Sonia Audhali – Little Yemen, Mac, Birmingham, from February 9
© Bristol Museums, Galleries and Archives
Despite revealing that Yemeni people have settled in the UK since the 1860s, Yemen-born Warwickshire photographer Sonia Audhali’s initial research only found a small archive recording their heritage in the west Midlands. Putting that right, this is a reflection on a community with a proud past and a vibrant future.
Sowei mask: Spirit of Sierra Leone, British Museum, London, from February 14
In the Sierra Leone region, senior members of the all-female Sande Society wear Sowei masks - carved with ideals of feminine beauty, health and serenity - during rite-of-passage ceremonies.
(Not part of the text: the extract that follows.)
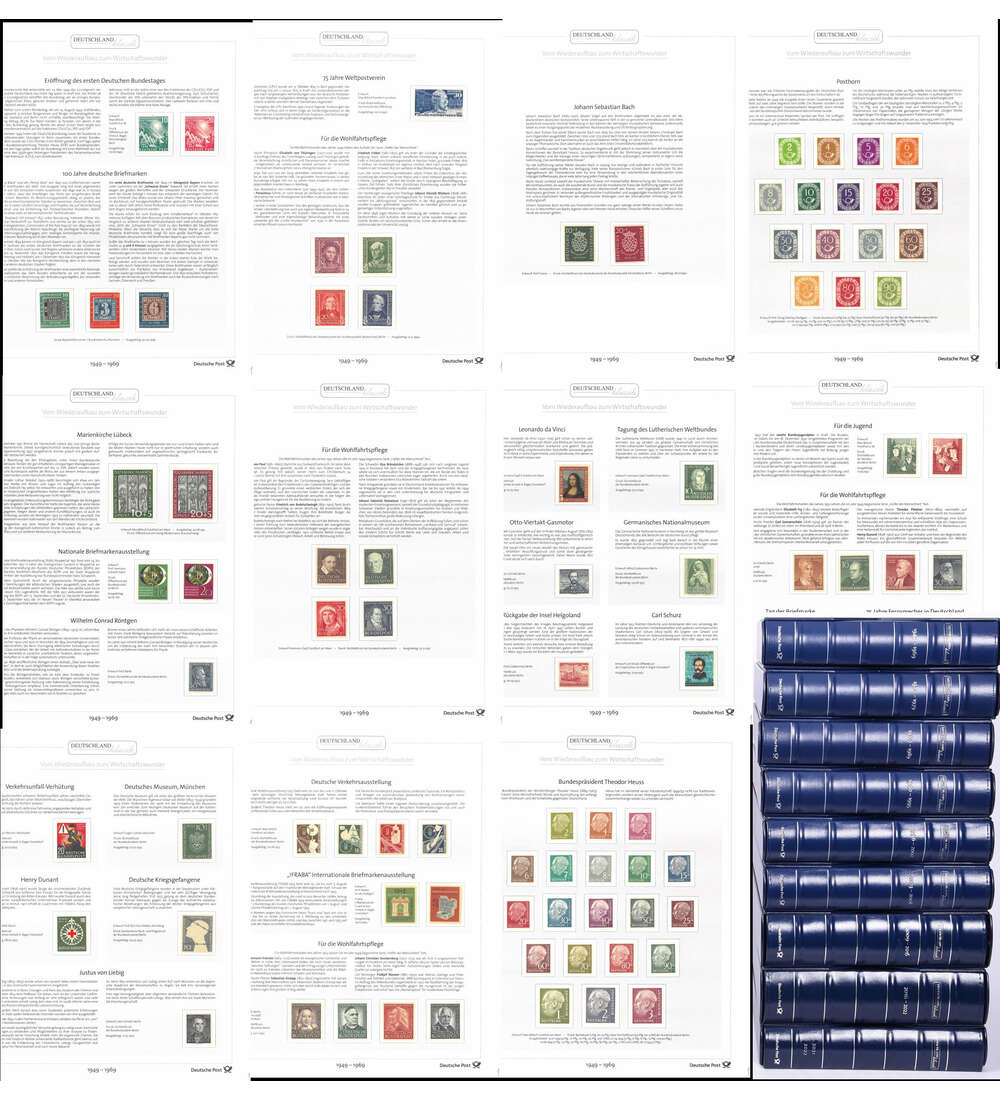 BRD 1949-2022 Luxus Kollektion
The top hat-influenced headgear in focus here was collected more than 125 years ago.
Capitol of the North, Yorkshire Museum, York, from February 16
From the 5th century, merchants, traders, Archbishops and monarchs spent 1,000 years controlling the country from York. Designed to enlighten adults and kids via sensory bookmarks, this exhibition reveals how the city became such a hotseat, dotted with Medieval pearlers including the Cawood Sword, the Escrick Ring and the Middleham Jewel.
Designed to Shine, Millennium Gallery, Sheffield, from February 16
A century ago, Sheffield’s Harry Brearley struck gold by finding “rustless” steel. A Bishop’s Crosier given to a 1950s Reverend, ice skates, a Sheffield Wednesday bread knife, classic stainless steel tables and a triptych of sculptures by a Japanese textile artist illustrate how his discovery has endured.
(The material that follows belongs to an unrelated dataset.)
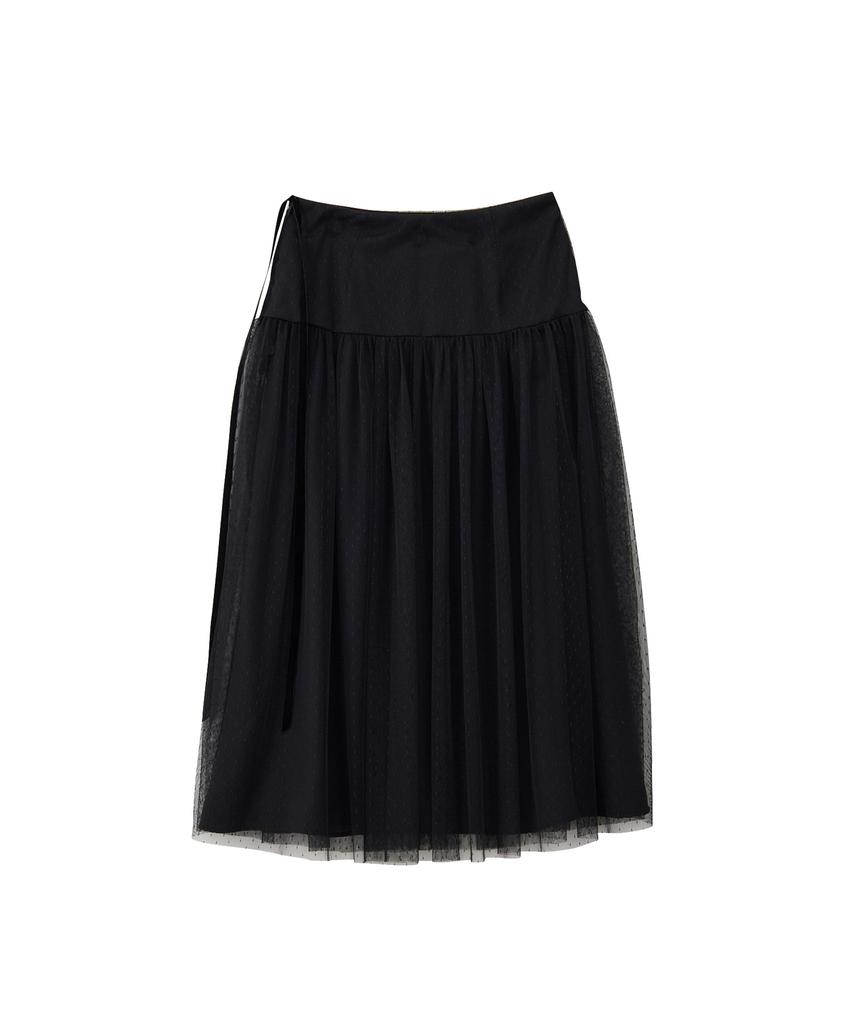 Salon De Yon Ballerina Skirt_ Black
Tales of Antiquarian Adventure, Great North Museum: Hancock, Newcastle-upon-Tyne, from February 16
Two hundred years after forming, the country’s oldest antiquarian society can claim protective pride for sites such as Hadrian’s Wall, Tynemouth Priory and Newcastle Castle. All of which makes for a choice selection of unusual exhibits: a finger-ring which could be the earliest Christian artefact from Roman Britain and a fiddle tune book from 1694 are among them.
Tickling Jock: Comedy Greats from Sir Harry Lauder to Billy Connolly, Scottish National Portrait Gallery, Edinburgh, from February 23
Ronnie Corbett blending wistfully into a sofa and a Herculean depiction of the mighty Connolly are a couple of the artistic tributes to Scotland’s greatest stars of stage, screen and radio. The booths full of clips should be a giggle, although the offer of recording your own clips might prove painful for those planning to attend with the tiresome wannabe comedian in their clan.
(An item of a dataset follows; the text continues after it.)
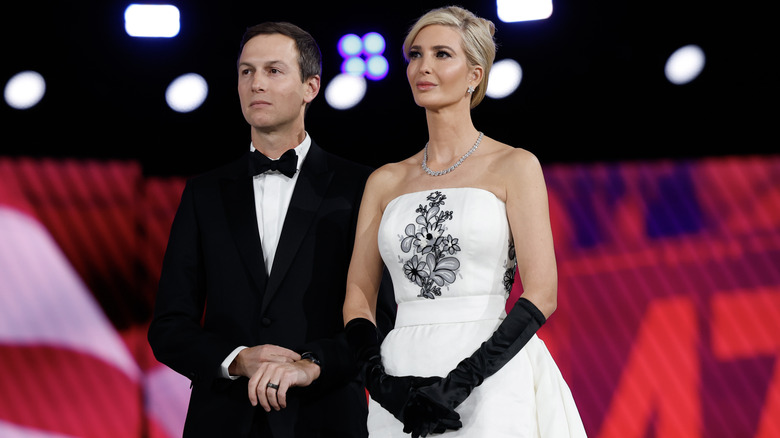 Jared Kushner and Ivanka Trump at the Liberty Inaugural Ball, January 2025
Chocolate, M Shed, Bristol
We were sold the moment this show offered free chocolate to all visitors, although a 250-year dabble through choc history is a sweet enough prospect in itself. Exhibits date back to 1729, with tins from the wars, Turkish Delight recipes, working machinery, the smells of confectionary and the final Fry’s Chocolate bar and Elizabeth Shaw Mint Crisps ever produced. Delectable.